**** PROVIDED RECORDS ****

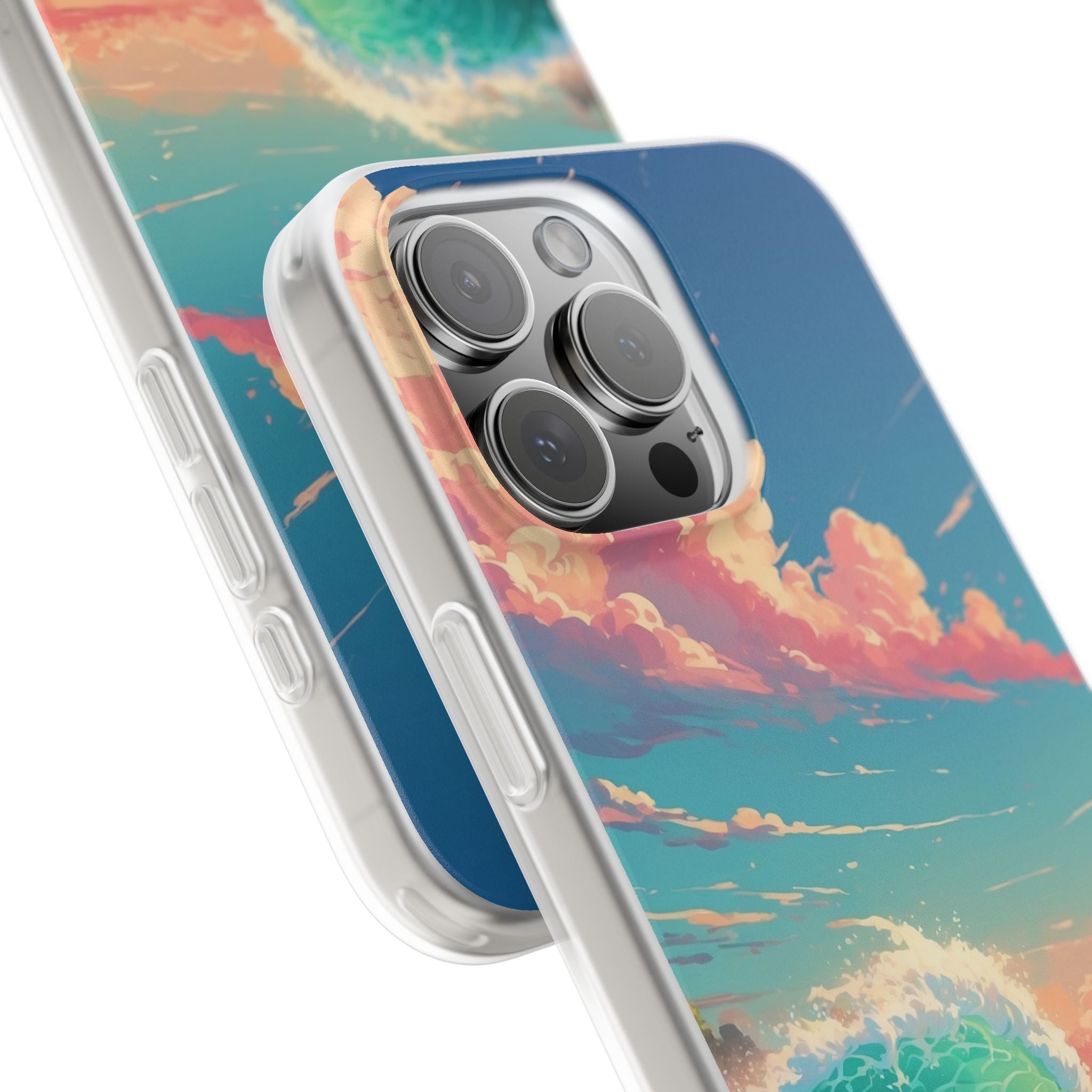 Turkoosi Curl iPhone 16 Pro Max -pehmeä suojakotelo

****
**** PROVIDED RECORDS ****

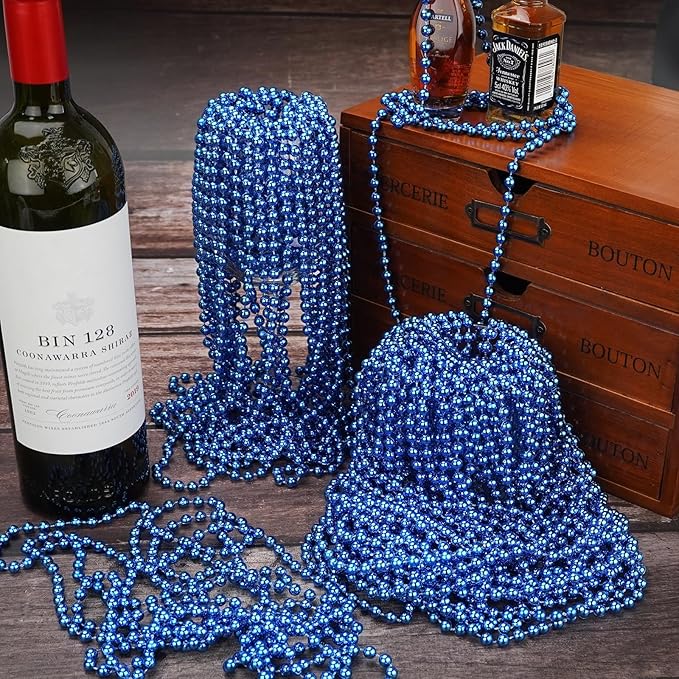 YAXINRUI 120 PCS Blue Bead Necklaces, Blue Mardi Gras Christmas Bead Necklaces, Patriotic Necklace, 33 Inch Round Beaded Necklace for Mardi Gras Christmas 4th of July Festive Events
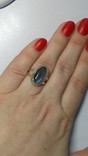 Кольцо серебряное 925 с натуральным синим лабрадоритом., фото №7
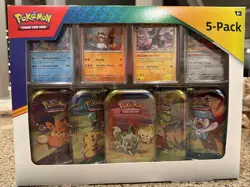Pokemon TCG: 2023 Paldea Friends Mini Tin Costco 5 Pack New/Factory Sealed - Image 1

****

Excluding any pictures, print exactly the lines of the listing above from the line with "Кольцо серебряное 925" to the line with "Pokemon TCG: 2023", both ends included.

▶ **EXERCISE ANSWER**
 Кольцо серебряное 925 с натуральным синим лабрадоритом., фото №7
Pokemon TCG: 2023 Paldea Friends Mini Tin Costco 5 Pack New/Factory Sealed - Image 1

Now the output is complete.